If it is not desirable, what about creating a new kernel thread to do
the merging of unmerged pages on the list while keeping the behaviour of
isolate_migratepages_block() in this patchset to improve compaction
success rate.
> Also I would definitely consider always merging pages freed to
> non-MOVABLE pageblocks. We really don't want to increase the
> fragmentation in those. However that means it probably won't help the
> netperf case?
Yes, that would be unfortunate for all in-kernel users of page
allocator...
On 10/18/18 8:48 AM, Aaron Lu wrote:
> On Wed, Oct 17, 2018 at 07:03:30PM +0200, Vlastimil Babka wrote:
>> On 10/17/18 3:58 PM, Mel Gorman wrote:
>>> Again, as compaction is not guaranteed to find the pageblocks, it would
>>> be important to consider whether a) that matters or b) find an
>>> alternative way of keeping unmerged buddies on separate lists so they
>>> can be quickly discovered when a high-order allocation fails.
>>
>> Agree, unmerged buddies could be on separate freelist from regular
>> order-0 freelist. That list could be also preferred to allocations
>> before the regular one. Then one could e.g. try "direct merging" via
>> this list when compaction fails, or prefer direct merging to compaction
>> for non-costly-order allocations, do direct merging when allocation
>> context doesn't even allow compaction (atomic etc).
>
> One concern regarding "direct merging" these unmerged pages via this
> separate freelist(let's call it unmerged_free_list) is: adjacent
> unmerged pages on the unmerged_free_list could be far away from each
> other regarding their physical positions, so during the process of
> merging them, the needed high order page may not be able to be formed
> in a short time. Actually, the time could be unbound in a bad condition
> when:
> 1 unmerged pages adjacent on the unmerged_free_list happen to be far
> away from each other regarding their physical positions; and
I'm not sure I understand. Why should it matter for merging if pages are
adjacent on the unmerged_free_list? The buddy for merging is found the
usual way, no?
> 2 there are a lot of unmerged pages on unmerged_free_list.
That will affect allocation latency, yeah. Still might be faster than
direct compaction. And possible to do in GFP_ATOMIC context, unlike
direct compaction.
> That's the reason I hooked the merging of unmerged pages in compaction
> when isolate_migratepages_block() is scanning every page of a pageblock
> in PFN order.
>
> OTOH, if there is a kernel thread trying to reduce fragmentation by
> doing merges for these unmerged pages, I think it's perfect fine to let
> it iterate all unmerged pages of that list and do_merge() for all of
> them.
>
> So what about this: if kcompactd is running, let it handle these
> unmerged pages on the list and after that, do its usual job of
> compaction. If direct compaction is running, do not handle unmerged
> pages on that list but rely on isolate_migratepages_block() to do the
> merging as is done in this patchset.
>
> This of course has the effect of tying compaction with 'lazy merging'.

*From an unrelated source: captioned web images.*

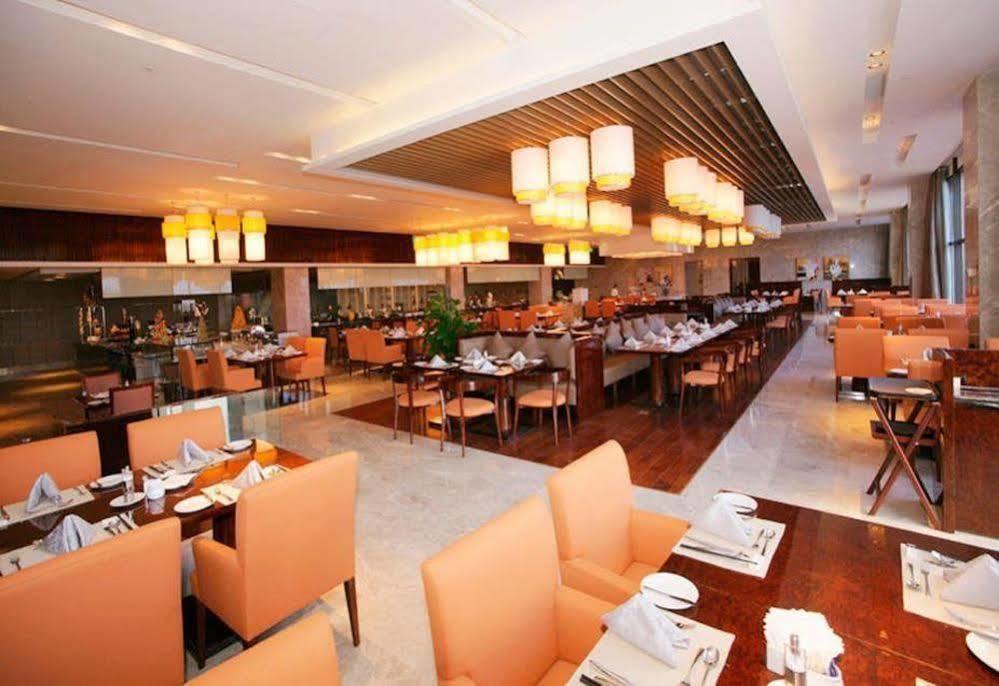 Wyndam Xuzhou East Hotel Bagian luar foto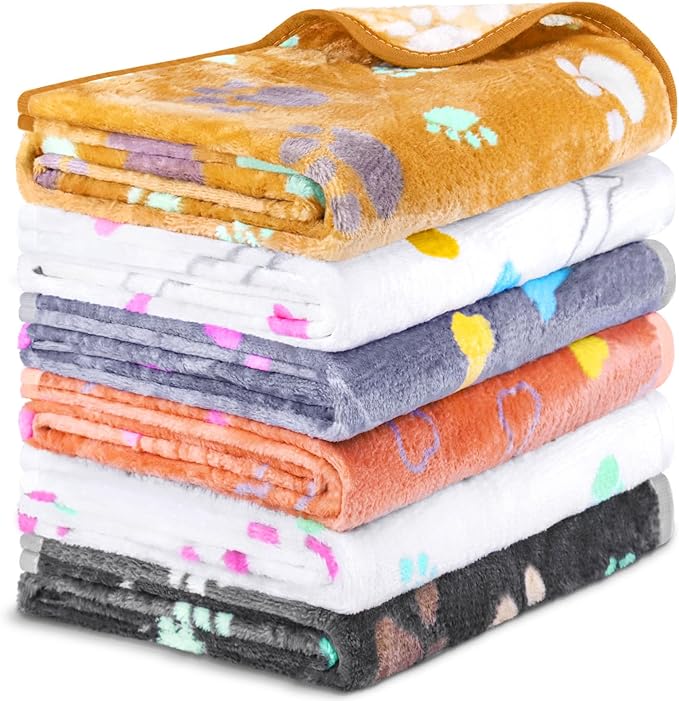YedsIntu 6 Pcs Washable Guinea Pig Blankets Absorbent Small Animal Fleece Bedding Cage Liners Reusable Pet Pee Pad Sleep Mat Pad Cover for Hamster Ferret Rabbit Chinchilla Hedgehog (Grey, 24" x 47")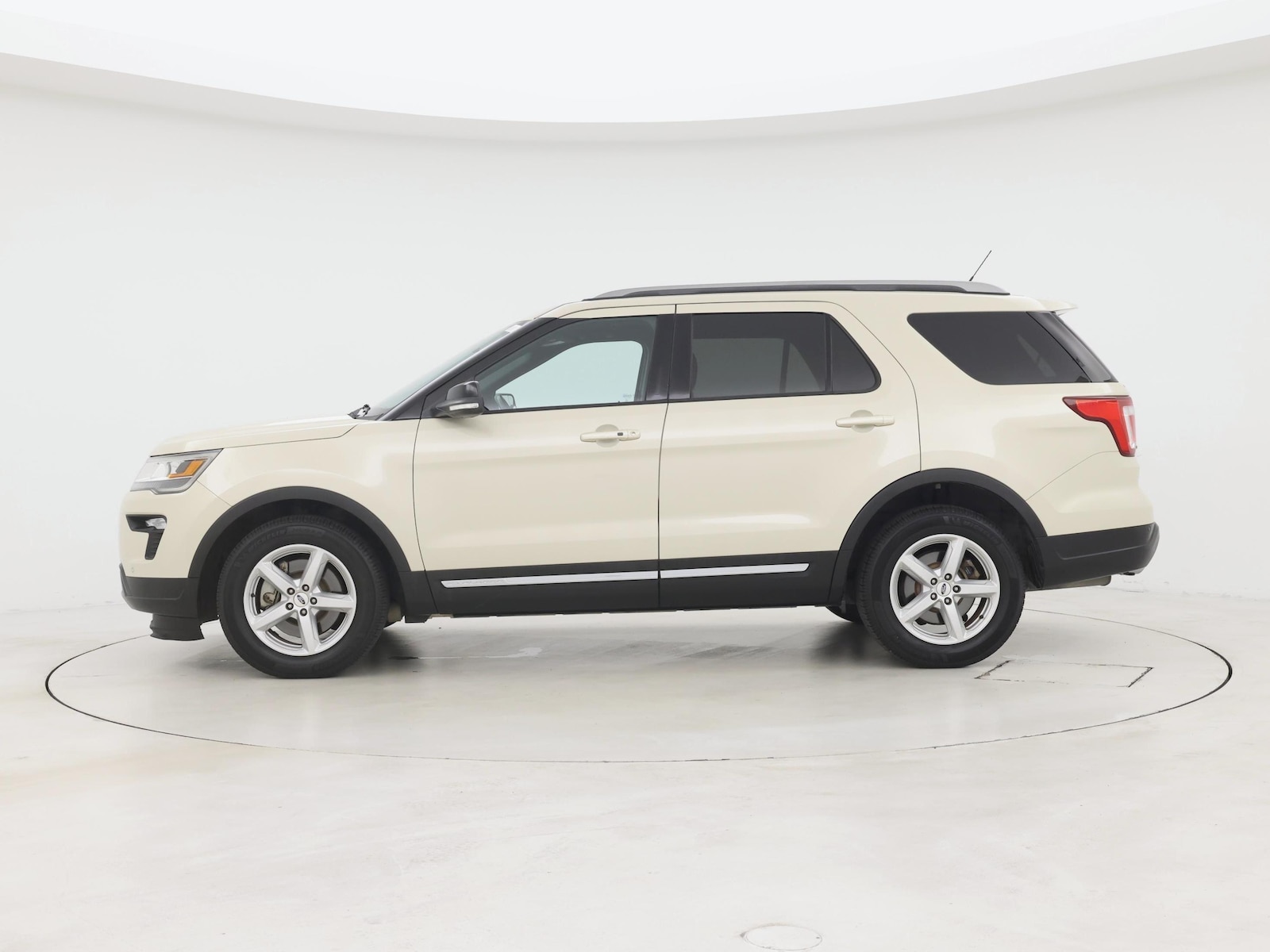 2018 Ford Explorer XLT - Photo 4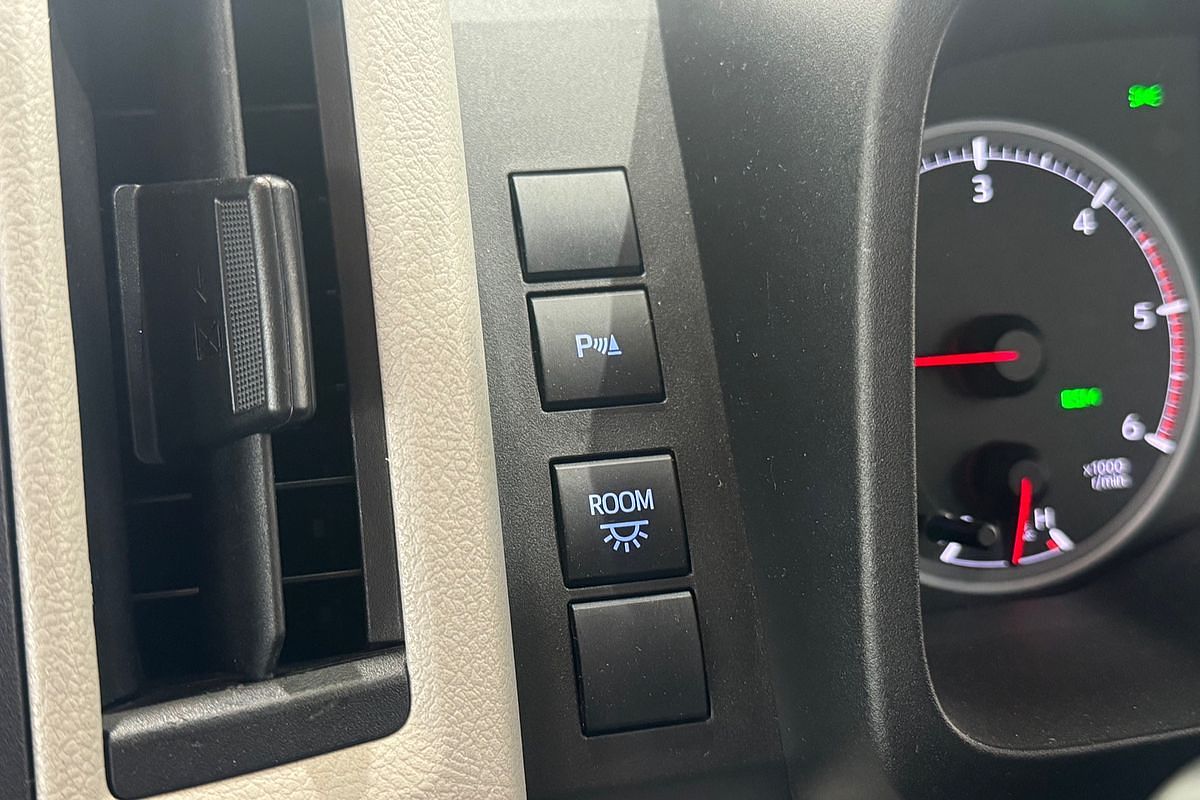 2019 Toyota Hiace Commuter GDH322R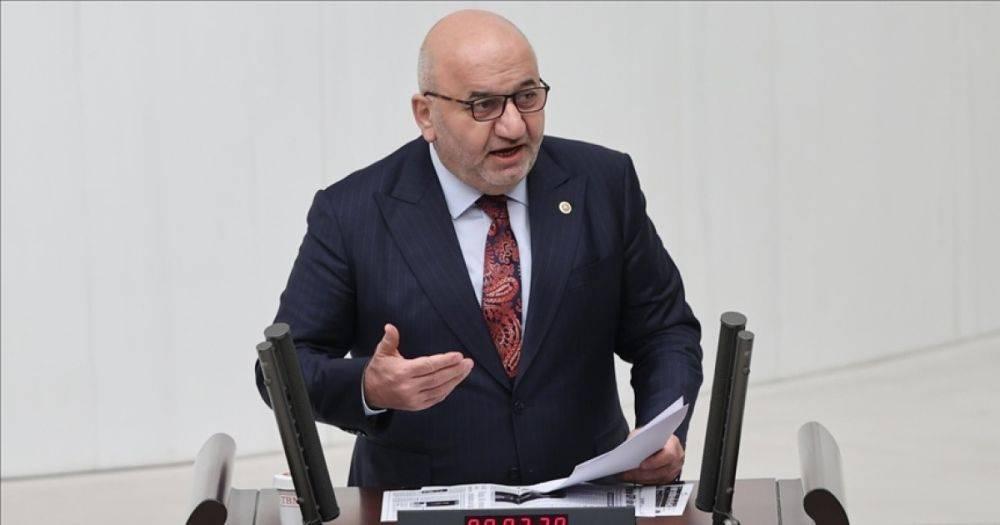 Turkiya parlamentida yurak xurujiga uchragan deputat vafot etdi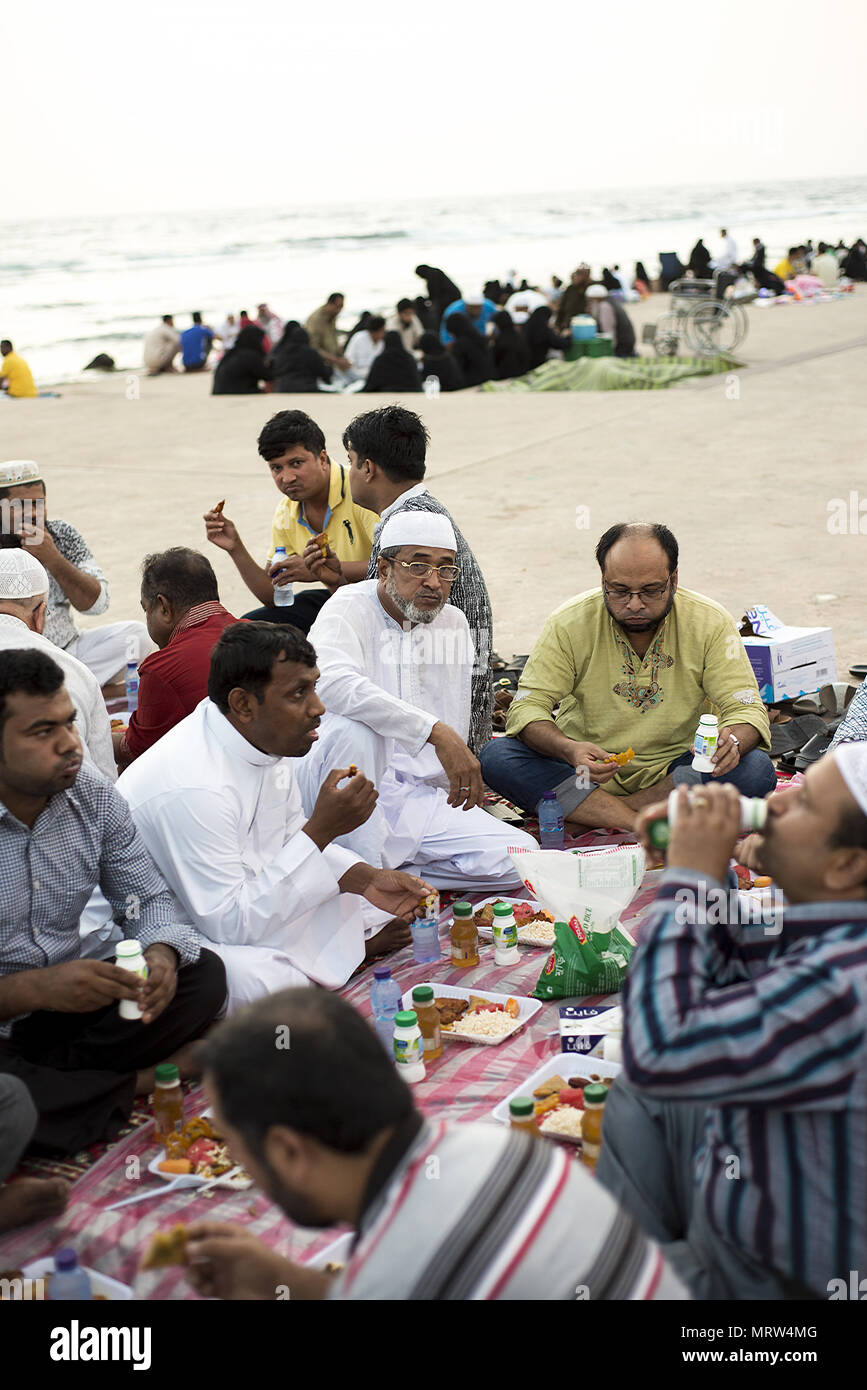 Los peregrinos a Jeddah, Arabia Saudita, reunidos por el Mar Rojo durante el Ramadán Foto de stock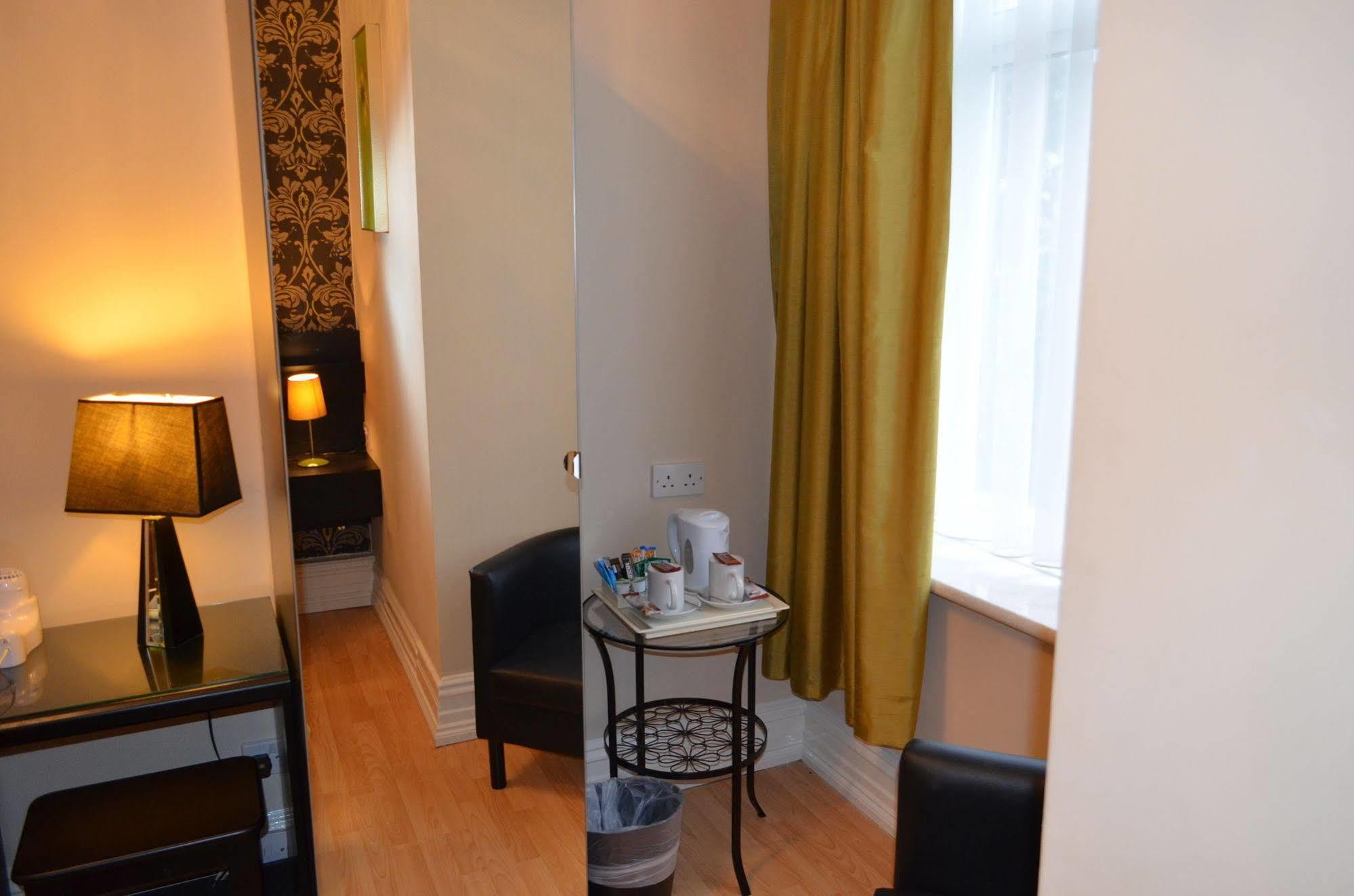 Shirley B & B 본머스 외부 사진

> If it is not desirable, what about creating a new kernel thread to do
> the merging of unmerged pages on the list while keeping the behaviour of
> isolate_migratepages_block() in this patchset to improve compaction
> success rate.
Note that anything based on daemons will seem like reducing latency for
allocations, but if we delay merging and then later do it from a daemon,
the overall zone lock times will be essentially the same, right? The
reduced zone lock benefits only happen when the unmerged pages get
reallocated.
>> Also I would definitely consider always merging pages freed to
>> non-MOVABLE pageblocks. We really don't want to increase the
>> fragmentation in those. However that means it probably won't help the
>> netperf case?
>
> Yes, that would be unfortunate for all in-kernel users of page
> allocator...
In that case there should definitely be a direct merging possibility
IMHO, even if only as a last resort before stealing from another pageblock.
On Thu, Oct 18, 2018 at 10:23:22AM +0200, Vlastimil Babka wrote:
> On 10/18/18 8:48 AM, Aaron Lu wrote:
> > On Wed, Oct 17, 2018 at 07:03:30PM +0200, Vlastimil Babka wrote:
> >> On 10/17/18 3:58 PM, Mel Gorman wrote:
> >>> Again, as compaction is not guaranteed to find the pageblocks, it would
> >>> be important to consider whether a) that matters or b) find an
> >>> alternative way of keeping unmerged buddies on separate lists so they
> >>> can be quickly discovered when a high-order allocation fails.
> >>
> >> Agree, unmerged buddies could be on separate freelist from regular
> >> order-0 freelist. That list could be also preferred to allocations
> >> before the regular one. Then one could e.g. try "direct merging" via
> >> this list when compaction fails, or prefer direct merging to compaction
> >> for non-costly-order allocations, do direct merging when allocation
> >> context doesn't even allow compaction (atomic etc).
> >
> > One concern regarding "direct merging" these unmerged pages via this
> > separate freelist(let's call it unmerged_free_list) is: adjacent
> > unmerged pages on the unmerged_free_list could be far away from each
> > other regarding their physical positions, so during the process of
> > merging them, the needed high order page may not be able to be formed
> > in a short time. Actually, the time could be unbound in a bad condition
> > when:
> > 1 unmerged pages adjacent on the unmerged_free_list happen to be far
> > away from each other regarding their physical positions; and
>
> I'm not sure I understand. Why should it matter for merging if pages are
> adjacent on the unmerged_free_list? The buddy for merging is found the
> usual way, no?
Yes it's found the usual way. I probably didn't state clear, let me try
again.
Consider a pageblock, initially as an free order9 page. Let's assume
this order9 page is expand()ed into 512 order0 pages during different
allocation requests and they go to different applications running on
different CPUs. After some time, all of them are freed back, but each
of them is freed back at different times, so they are not adjacent on
unmerged_free_list(they could be far away from each other).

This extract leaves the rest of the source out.